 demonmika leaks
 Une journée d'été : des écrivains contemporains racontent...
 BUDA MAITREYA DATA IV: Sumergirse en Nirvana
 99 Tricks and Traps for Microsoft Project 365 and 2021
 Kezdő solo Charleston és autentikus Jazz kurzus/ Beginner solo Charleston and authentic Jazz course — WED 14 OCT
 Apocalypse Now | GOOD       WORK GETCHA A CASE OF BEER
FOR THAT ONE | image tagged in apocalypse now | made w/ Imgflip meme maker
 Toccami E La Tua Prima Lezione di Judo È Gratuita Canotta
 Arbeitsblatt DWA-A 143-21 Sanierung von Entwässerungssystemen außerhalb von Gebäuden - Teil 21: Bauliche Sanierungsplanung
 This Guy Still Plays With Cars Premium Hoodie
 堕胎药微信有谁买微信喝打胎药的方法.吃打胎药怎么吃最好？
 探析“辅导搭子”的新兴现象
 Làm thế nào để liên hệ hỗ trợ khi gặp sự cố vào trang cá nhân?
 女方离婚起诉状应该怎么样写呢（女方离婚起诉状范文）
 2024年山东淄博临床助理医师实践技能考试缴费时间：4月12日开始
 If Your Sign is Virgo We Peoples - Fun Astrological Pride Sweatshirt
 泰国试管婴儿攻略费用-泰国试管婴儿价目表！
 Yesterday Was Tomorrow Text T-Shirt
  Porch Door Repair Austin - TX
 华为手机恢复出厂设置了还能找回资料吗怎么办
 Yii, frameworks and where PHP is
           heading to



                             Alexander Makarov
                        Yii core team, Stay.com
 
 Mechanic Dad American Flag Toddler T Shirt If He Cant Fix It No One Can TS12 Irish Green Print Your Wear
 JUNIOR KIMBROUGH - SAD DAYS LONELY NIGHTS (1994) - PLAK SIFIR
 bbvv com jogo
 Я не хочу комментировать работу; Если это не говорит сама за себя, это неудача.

**Goal of the exercise:**
From the records above, transcribe exactly the run of lines that opens with the line holding "FOR THAT ONE" and closes with the line holding "女方离婚起诉状应该怎么样写呢（女方离婚起诉状范文）", both included.

**Reply to the exercise:**
FOR THAT ONE | image tagged in apocalypse now | made w/ Imgflip meme maker
 Toccami E La Tua Prima Lezione di Judo È Gratuita Canotta
 Arbeitsblatt DWA-A 143-21 Sanierung von Entwässerungssystemen außerhalb von Gebäuden - Teil 21: Bauliche Sanierungsplanung
 This Guy Still Plays With Cars Premium Hoodie
 堕胎药微信有谁买微信喝打胎药的方法.吃打胎药怎么吃最好？
 探析“辅导搭子”的新兴现象
 Làm thế nào để liên hệ hỗ trợ khi gặp sự cố vào trang cá nhân?
 女方离婚起诉状应该怎么样写呢（女方离婚起诉状范文）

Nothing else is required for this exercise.